E la sofferenza intrinseca nel vero gesto artistico esplode da e nelle grandi tele di Papetti: ora nei nudi carnali e disperati, ora negli interni svuotati e inconsci, ora nel silenzio dei paesaggi industriali, ora nei porti abbandonati. Anche gli spazi urbani, le architetture metropolitane percorse da automobili senza tempo sembrano sempre permeati di un’atmosfera surreale e quasi spettrale.
Nelle sale della Fondazione vengono ripercorsi in circa sessanta lavori le diverse fasi dell’opera dell’artista che vede la figurazione dissolversi, attraverso un viaggio profondo nel colore e nel segno, fino ad assumere una dimensione di pura essenza, come avviene per il ciclo sull’Acqua. A questo elemento sacro e primario, «strumento al contempo di connessione e separazione», l’artista dedica un gigantesco trittico di cinque metri per sei realizzato appositamente per la mostra. L’opera, intitolata «Piscina», rappresenta di fatto un approfondito studio sul colore e sulla luce, nonostante la presenza di figure «in scurto» che navigano evanescenti nei vari toni di blu di Prussia.
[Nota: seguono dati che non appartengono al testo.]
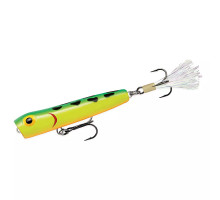 Wobbler Storm Chug Bug 63mm 6g #Hot Frog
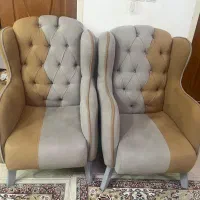 مبل مان نیم ست راحتی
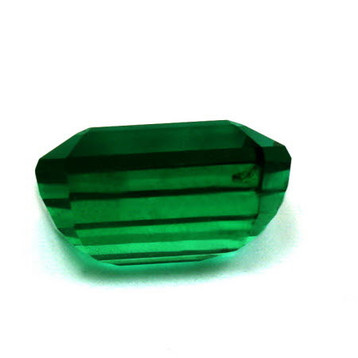Emerald 3.71 Green Emerald - #1068223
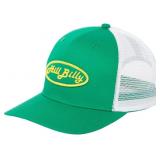 Patch Unisex Adjustable Mesh Trucker Hat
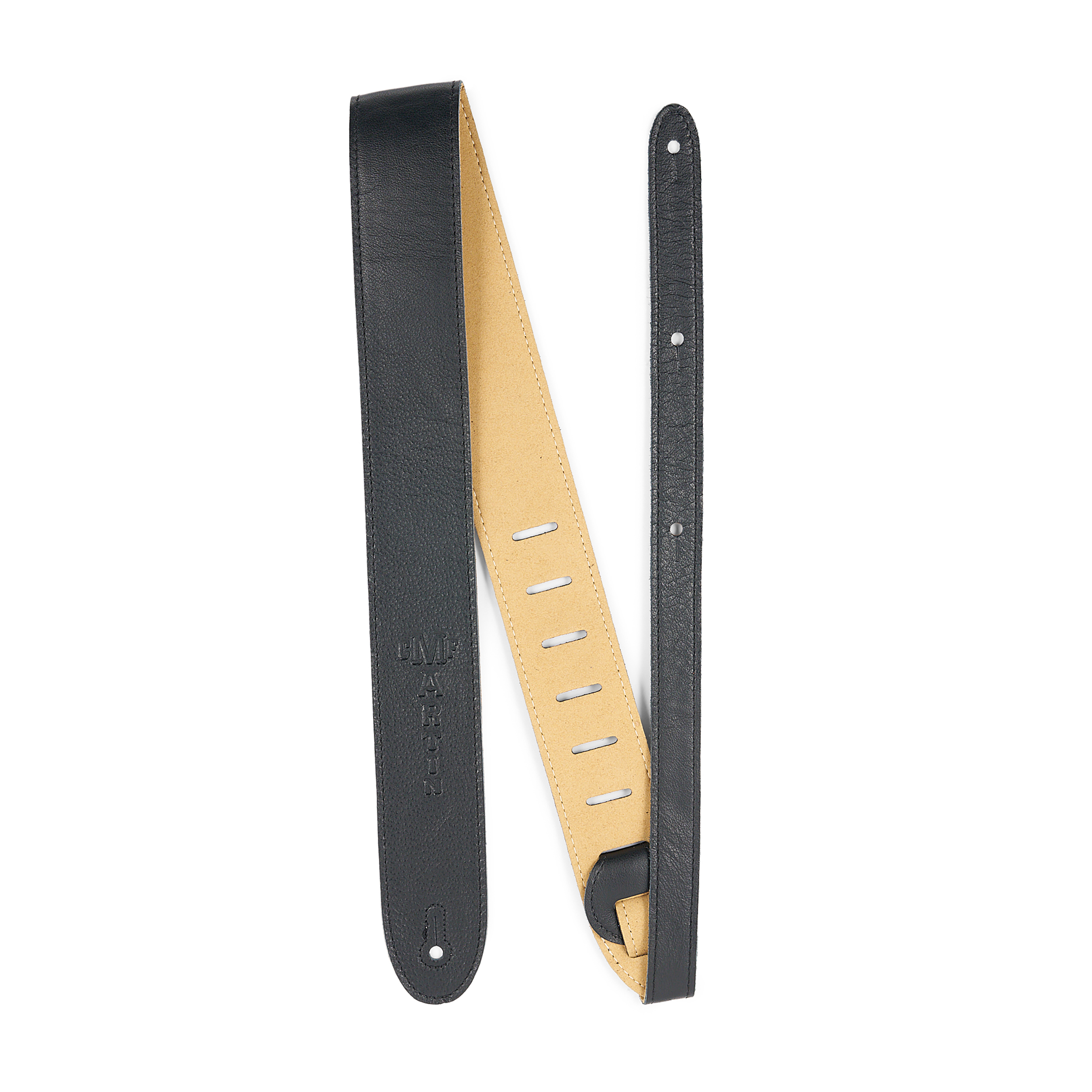 Italian Leather Straps image number 1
Al piano inferiore, la serie dei nudi ha in questi giorni lasciato spazio al ciclo dei ritratti, volti allucinati «fotografati» da prospettive angolari. In questi lavori è il segno a prevalere sul colore, un segno veloce e inquieto che sembra quasi scarnificare le figure in una dolorosa solitudine. Il pathos trasuda dai colori lividi e dalla tensione dei corpi che abbandonano ogni sensualità per dichiararsi in una nuda verità interiore.
Le opere di Papetti, soprattutto quelle legate alla figura umana, non rinnegano ma semmai riaccendono i valori della tradizione ritrattistica dell’Ottocento e del Novecento italiano. Ma le citazioni stilistiche, presenti nelle torsioni «baconiane» dei nudi, nelle pennellate di luce che rimandano alla scuola di Giovanni Boldini, o nel segno ossessivo alla Giacometti, nulla sottraggono alla freschezza di una pittura densa di partecipazione emotiva.
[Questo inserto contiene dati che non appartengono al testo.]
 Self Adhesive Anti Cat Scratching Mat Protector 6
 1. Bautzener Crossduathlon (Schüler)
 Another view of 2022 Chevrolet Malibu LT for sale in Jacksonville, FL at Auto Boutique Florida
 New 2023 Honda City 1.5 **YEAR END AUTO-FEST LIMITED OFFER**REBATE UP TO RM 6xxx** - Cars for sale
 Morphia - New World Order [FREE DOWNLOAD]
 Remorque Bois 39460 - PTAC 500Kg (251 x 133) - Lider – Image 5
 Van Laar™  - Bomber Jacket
«Nella follia o nella sofferenza degli altri si vive la propria - sottolinea l’artista - la si esorcizza e la si butta fuori, piuttosto che rischiare di esplodere.
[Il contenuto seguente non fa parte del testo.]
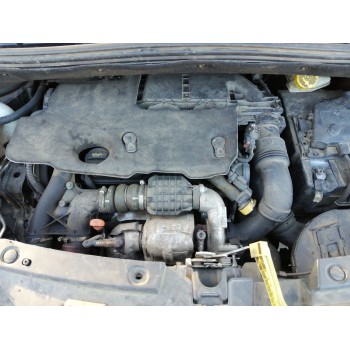 citroën c3 picasso del año 2014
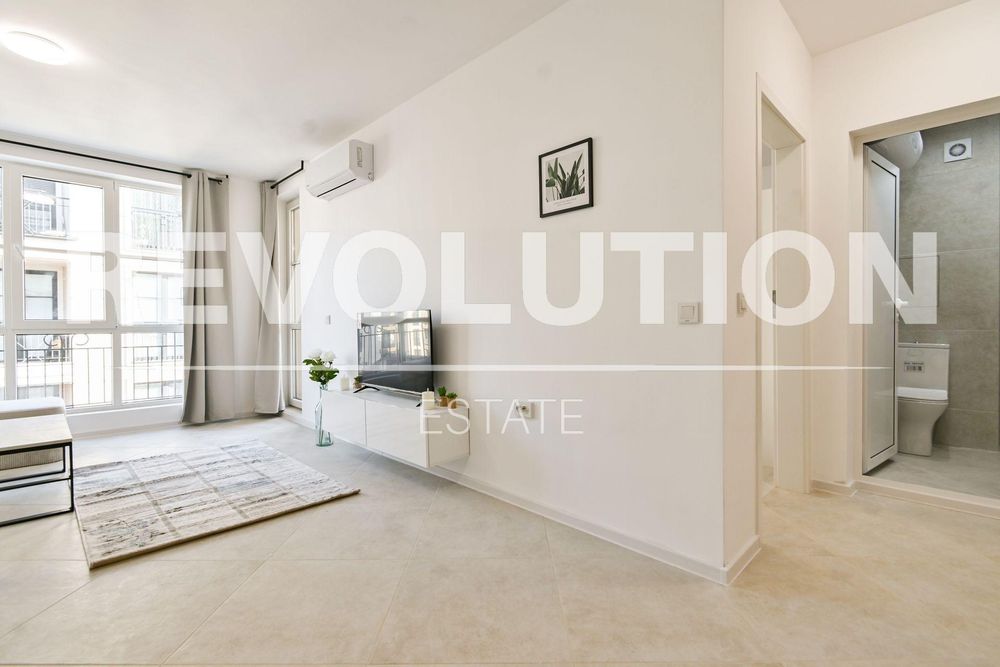 Продава се Двустаен апартамент в София, Надежда 2 - 57 кв.м за 1834 €/кв.м - Снимка #4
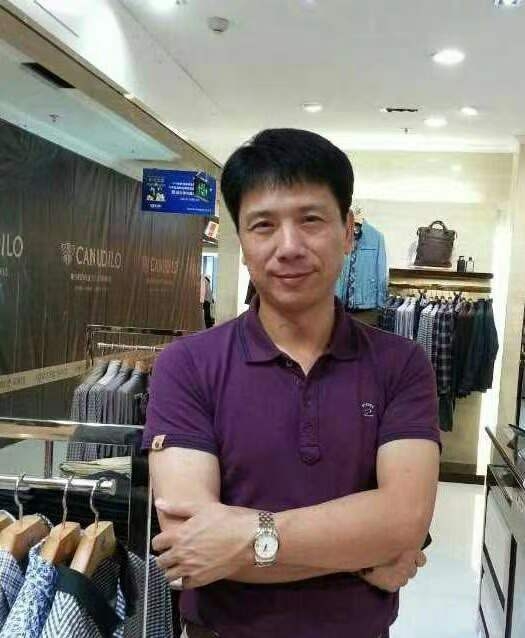 好好先生的第二张照片--邵武婚介网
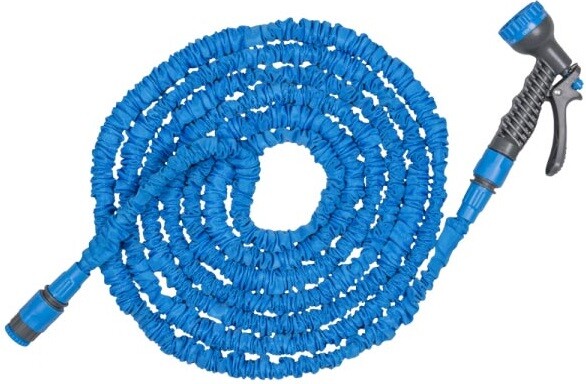 

Растягивающийся шланг Bradas TRICK HOSE 5-15 м (WTH515BL)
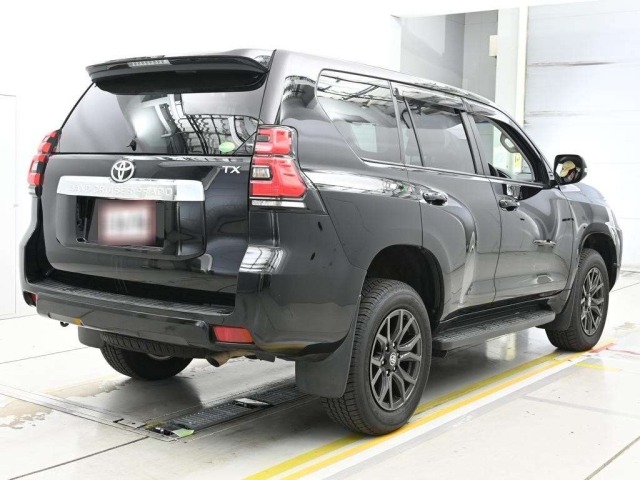Toyota LAND CRUISER PRADO 2018 7742003-1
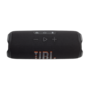 Портативна колонка JBL Flip 7 Black (JBLFLIP7BLK) Изображение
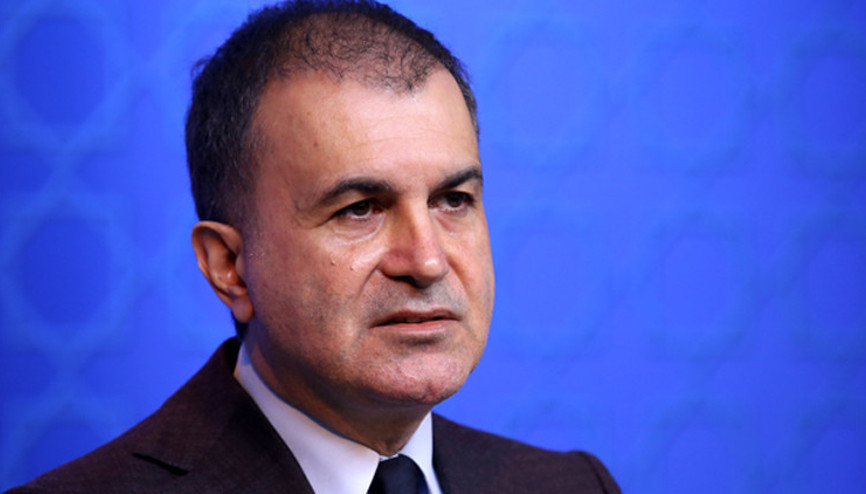 Son dakika: AK Parti Sözcüsü Ömer Çelikten önemli açıklamalar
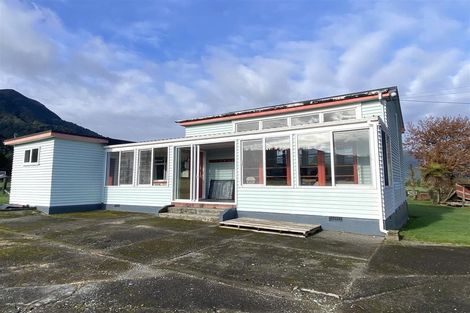 Photo of property in 741 Taramakau Settlement Road, Hohonu, Kumara, 7875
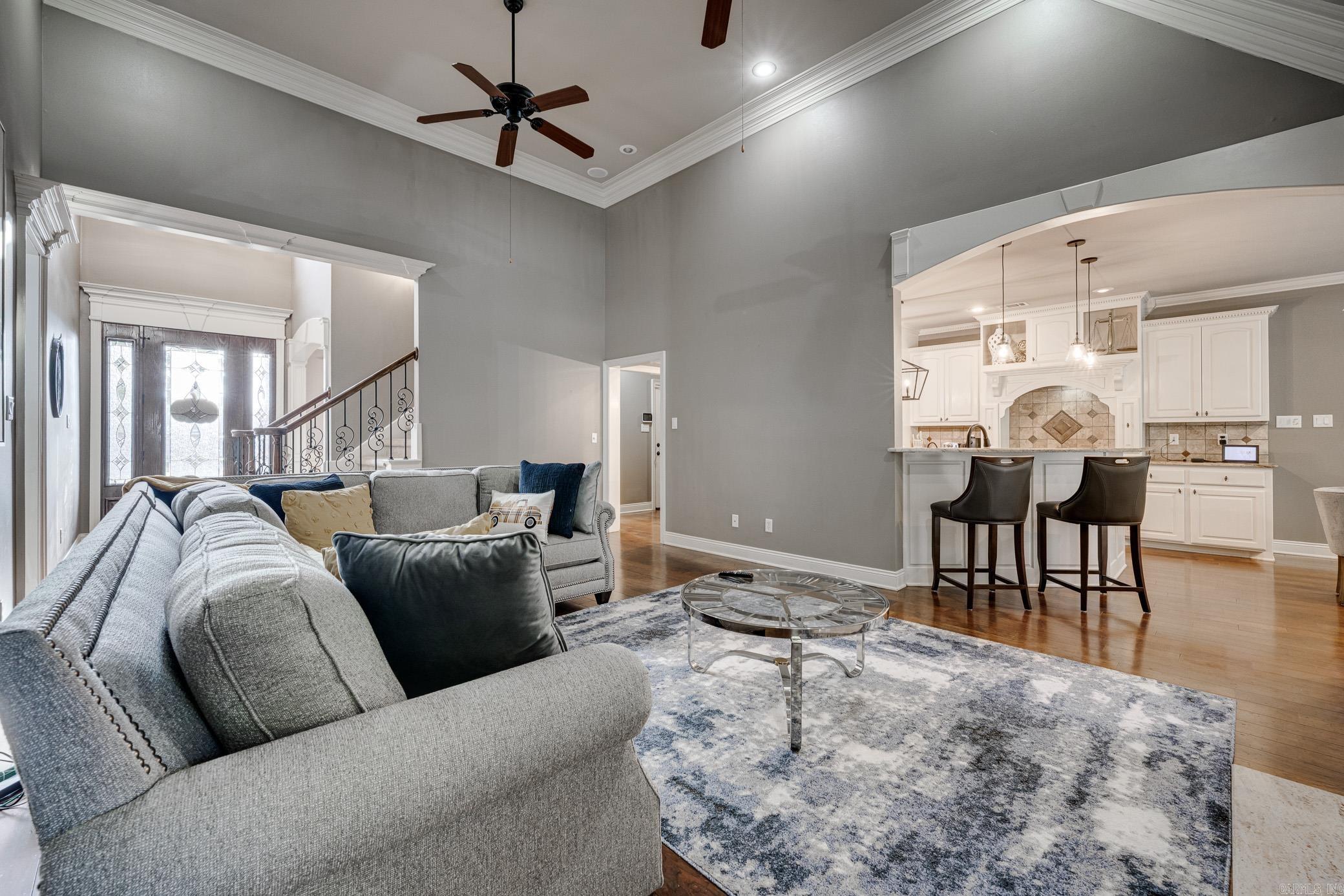 5536 Nassau Cove Benton, AR 72019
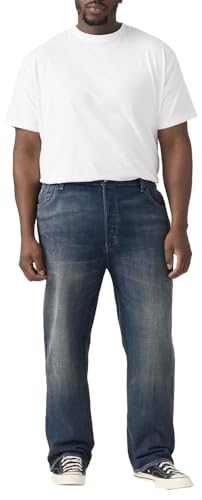501 Levi's Original B&T 3Pm In Columbus – Ansicht 3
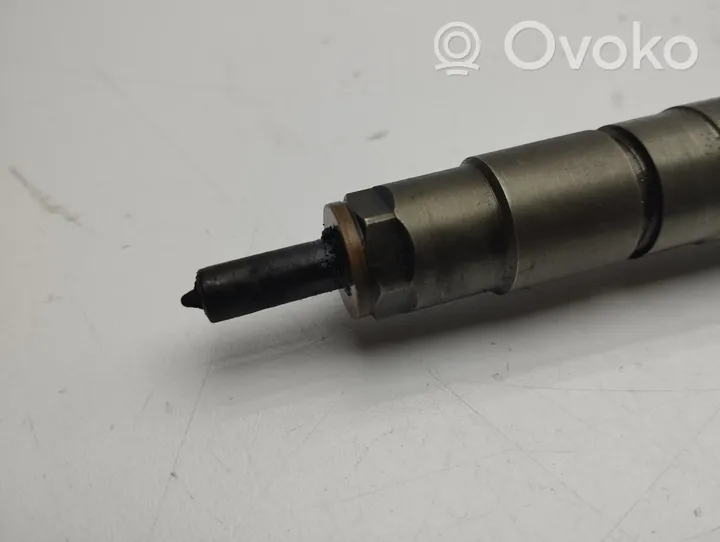 Citroen C4 II Picasso Injecteur de carburant 870692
E il mio uso del colore dipende strettamente dal fatto che quello che mi interessa non è raccontare, né definire con precisione virtuosistica un oggetto o una figura. Anche la pennellata veloce, come l’assenza di colori definiti e contrastanti, serve a permettere che l’energia nel quadro non si blocchi in un punto preciso, ma scorra circolarmente».